→ **ACTIVITY**: Leave out the pictures and print precisely the lines from the line with "cuero Retro Brown" to the final line of the entries, both ends included.

[Short web captions]
____

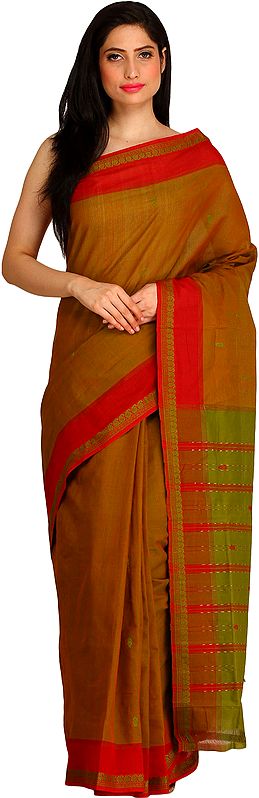 Bronze-Brown Sari with Woven Paisleys on Border and Striped Pallu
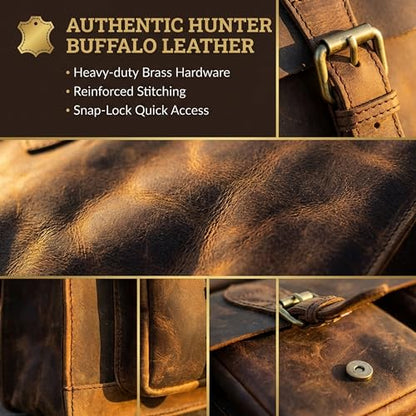 cuero Retro Brown Laptop Messenger Bag Office Briefcase Crossbody Travel Bag For Men And Women Bag Office Laptop Bag - size: 16 inch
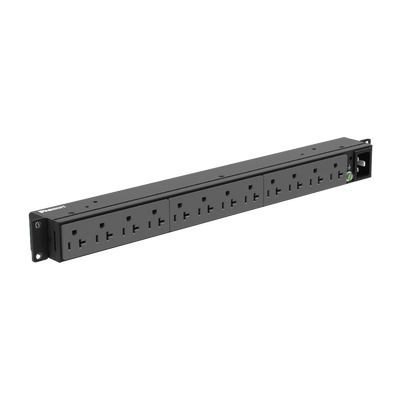 PDU Básico para Distribución de Energía, Enchufe de Entrada NEMA 5-20P, Con 12 Contactos NEMA 5-20R, Instalación Horizontal de 19in, 1UR, 20 Amp, 120 Vca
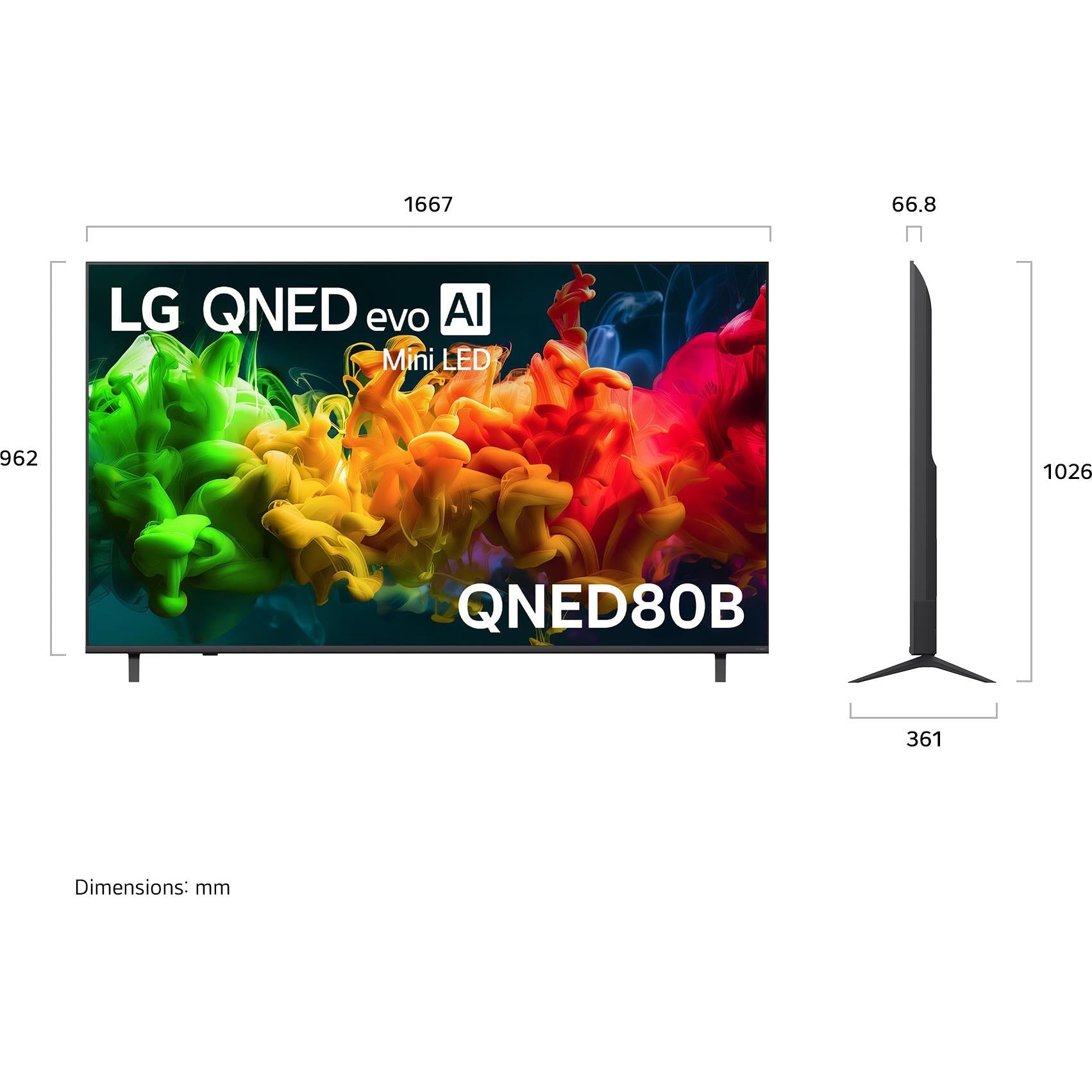 LG QNED80B 75 inch Mini LED 4K Smart TV, image 4 - Large TVs - 65" to 75" at Tech Supply Shed NZ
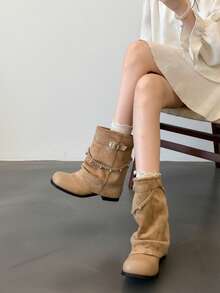 Woven Rope Ruched Mid-Calf Boots, Plus Size Women's Round Toe Casual Vibe Ankle Boots - Khaki - View 1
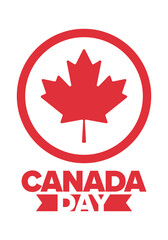 Canada Day. Happy national holiday, celebrated annual in July 1. Canadian flag. Maple leaf. Patriotic symbol and elements. Poster, card, banner and background. Vector illustration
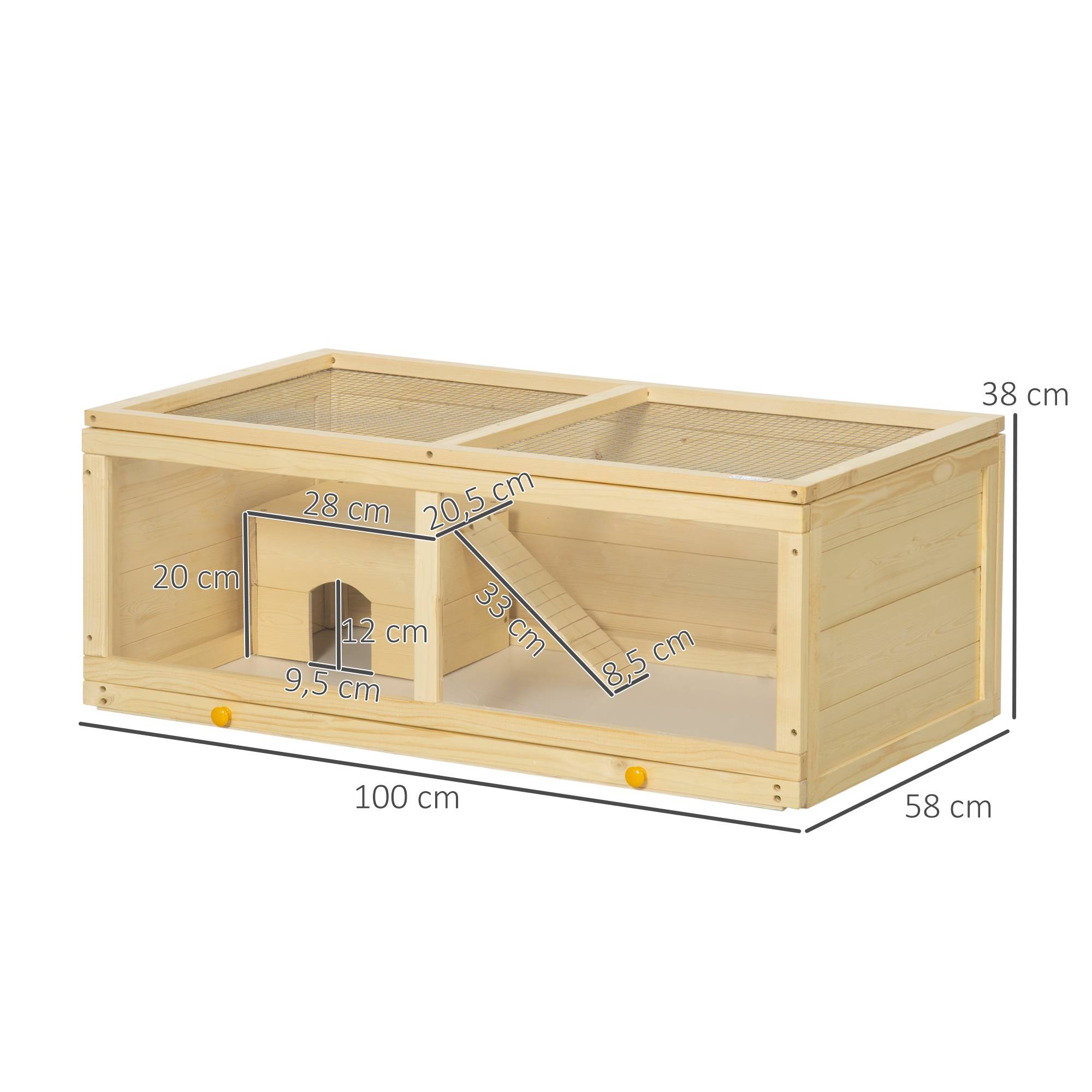 Cage en bois pour hamster avec toit à charnières, panneau en acrylique, bac et niche amovibles, 100 x 58 x 38 cm, naturel - Image 5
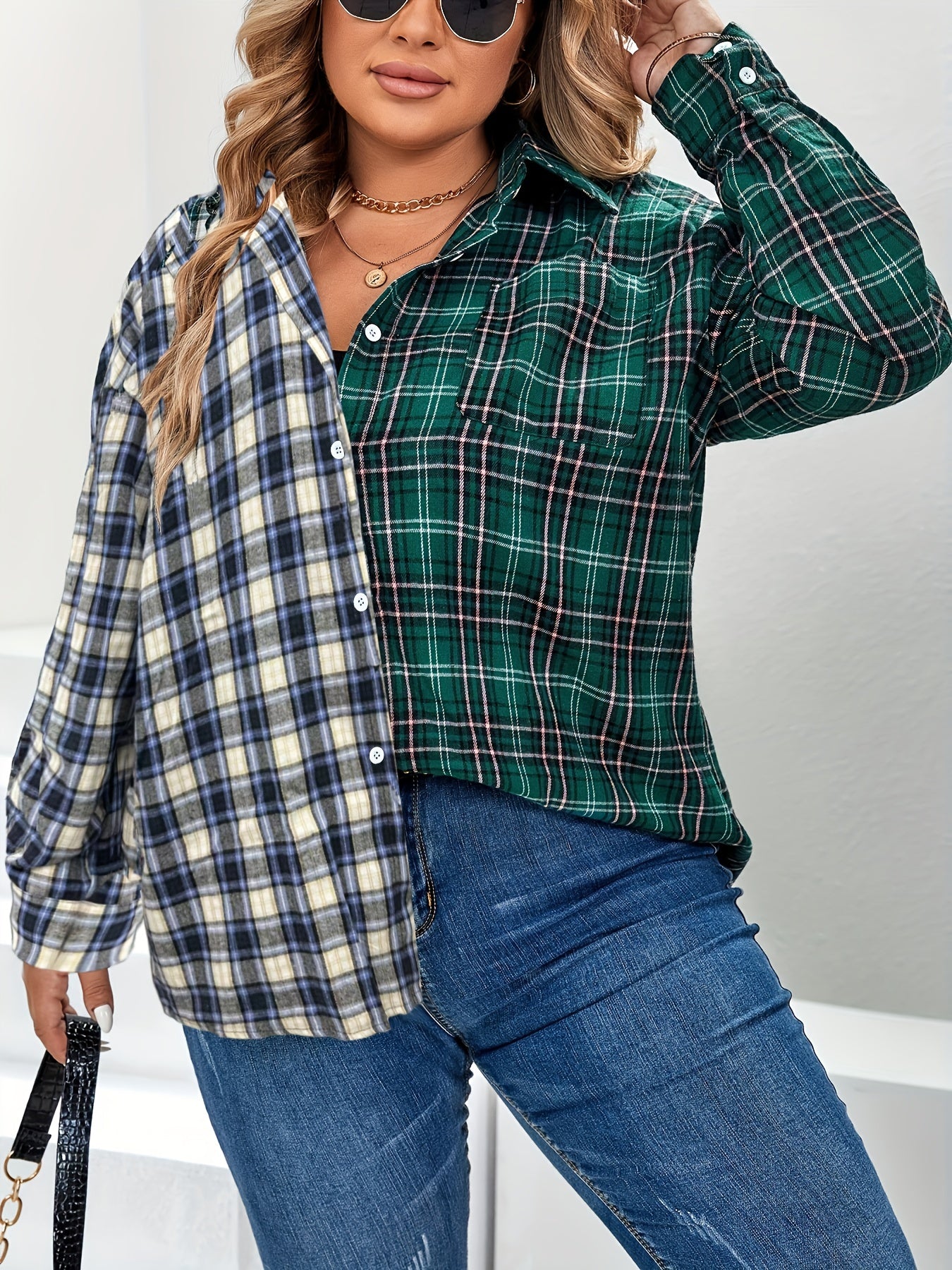  Casual Blouse Women's Plus Colorblock Plaid Print Long Sleeve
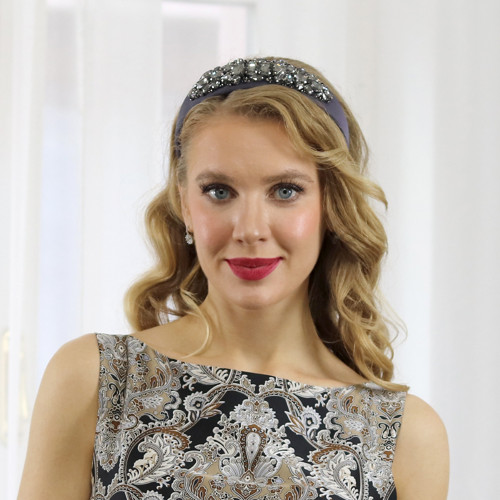 Gemma - čelenka s krystaly, černá / antracitová — foto 2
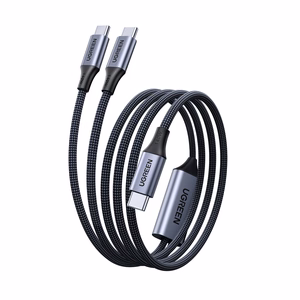 Ugreen 2in1 USB-C kabelis - 2xUSB-C PD 140W 2m - melns
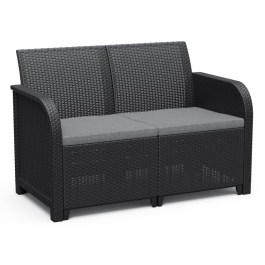 ROSALIE 2 SEATER SOFA RATTAN GRAPHITE ROSALIE 2ΘΕΣΙΟΣ ΚΑΝΑΠΕΣ ΑΠΟ ΡΑΤΑΝ ΣΕ ΧΡΩΜΑ ΓΡΑΦΙΤΗ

____

→ **REPLY**:
 cuero Retro Brown Laptop Messenger Bag Office Briefcase Crossbody Travel Bag For Men And Women Bag Office Laptop Bag - size: 16 inch
 PDU Básico para Distribución de Energía, Enchufe de Entrada NEMA 5-20P, Con 12 Contactos NEMA 5-20R, Instalación Horizontal de 19in, 1UR, 20 Amp, 120 Vca
 LG QNED80B 75 inch Mini LED 4K Smart TV, image 4 - Large TVs - 65" to 75" at Tech Supply Shed NZ
 Woven Rope Ruched Mid-Calf Boots, Plus Size Women's Round Toe Casual Vibe Ankle Boots - Khaki - View 1
 Canada Day. Happy national holiday, celebrated annual in July 1. Canadian flag. Maple leaf. Patriotic symbol and elements. Poster, card, banner and background. Vector illustration
 Cage en bois pour hamster avec toit à charnières, panneau en acrylique, bac et niche amovibles, 100 x 58 x 38 cm, naturel - Image 5
  Casual Blouse Women's Plus Colorblock Plaid Print Long Sleeve
 Gemma - čelenka s krystaly, černá / antracitová — foto 2
 Ugreen 2in1 USB-C kabelis - 2xUSB-C PD 140W 2m - melns
 ROSALIE 2 SEATER SOFA RATTAN GRAPHITE ROSALIE 2ΘΕΣΙΟΣ ΚΑΝΑΠΕΣ ΑΠΟ ΡΑΤΑΝ ΣΕ ΧΡΩΜΑ ΓΡΑΦΙΤΗ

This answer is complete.